On May 1, 1886 a general strike for the eight-hour day brought much
of
industry and commerce to a halt in many cities. It was called not
by
the more visionary Knights of Labor but by the predecessor of the
AFL.
Some of the very founders of business unionism had called America's
workers into the streets for a common objective.

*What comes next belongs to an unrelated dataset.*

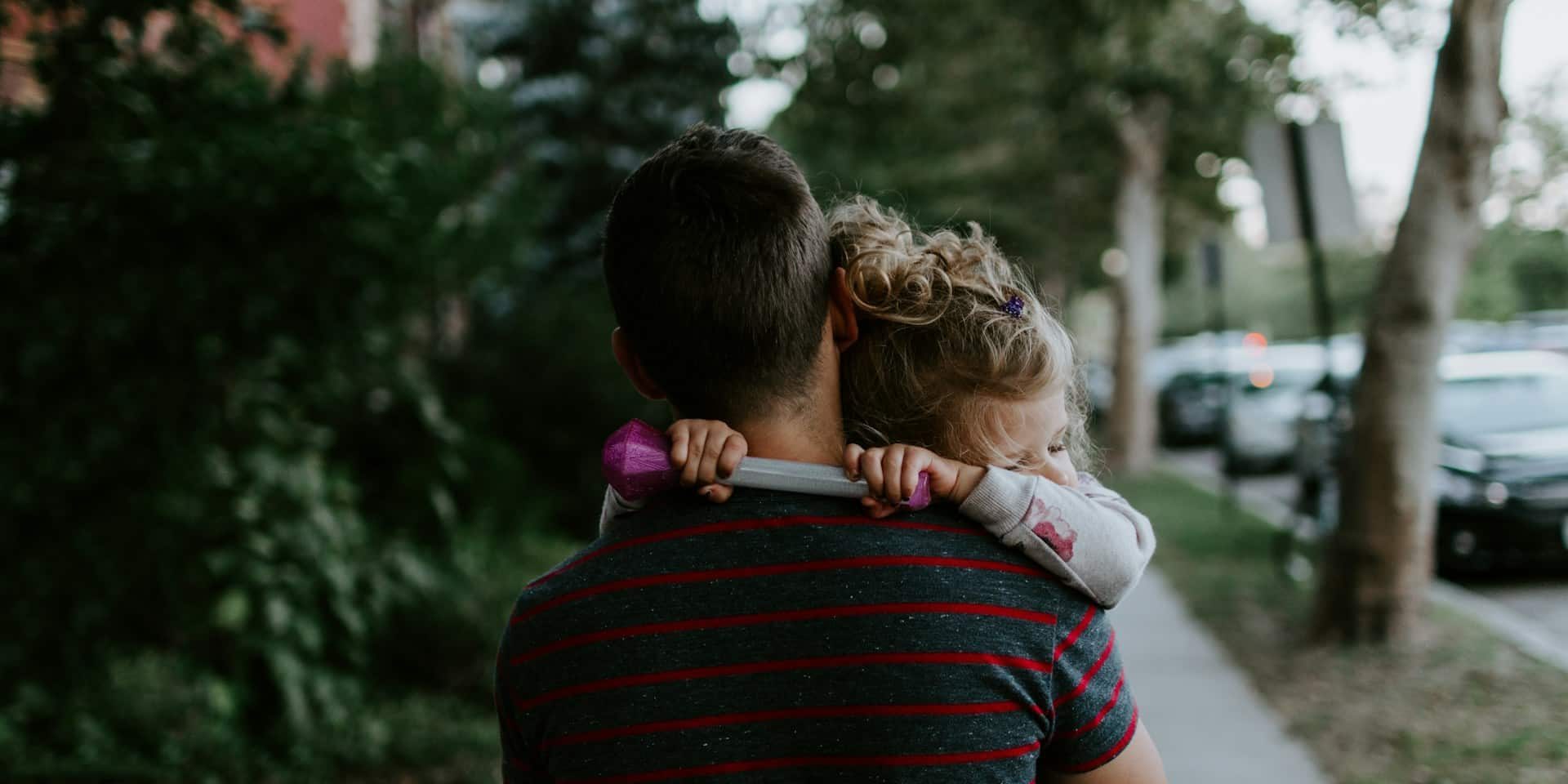 Stop Paying Child Support Stop Paying Child Support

In 1919, Seattle was shaken by a general strike. The unions-the AFL
and IWW together-ran the city and the local economy for a while.
There
were general strikes in San Francisco and Terre Haute, Indiana in
1934. In the same year, the threat of general strikes helped bring
union victories in Minneapolis, Toledo, Milwaukee, and Pekin,
Illinois.
When World War II ended, employers moved to test the new balance of
power. This brought not only the giant industrial strike waves of
1945
and 1946, but a series of local general strikes in 1946. Near total
work stoppages occurred in Oakland, California; Stamford,
Connecticut;
Lancaster and Pittsburgh, Pennsylvania; Rochester, New York; and
Houston, Texas. These began as sympathy strikes in support of a
particular group of workers, but turned into political, class
confrontations.
By the end of the 1940s, general strikes had disappeared as
anything
more than a dream in the minds of union militants. The CIO
leadership
rejected proposals for a general strike in opposition to the
Taft-Hartley Act of 1947-although half a million UAW members did
stop
work for five hours.
The Act itself outlawed the sort of sympathy strikes that had
sparked
the local general strikes of 1946. The idea of the general strike
was
among the casualties as modern business unionism solidified in the
late 1940s.
The Failure of Labor's Democratic Dependency
American labor's dependence on the Democratic Party headed off the
development of the labor-based parties that were typical of most
other
industrial nations of the time. While the union preference for
Democrats goes way back, dependence was solidified in 1943 with the
formation of the CIO's Political Action Committee and the explicit
rejection of independent political action. This meant that the
CIO's
ambitious political program-including national health care, housing
for all, full employment, civil rights, and more-became dependent
on
the goodwill of the Democrats. This will rapidly proved ill indeed.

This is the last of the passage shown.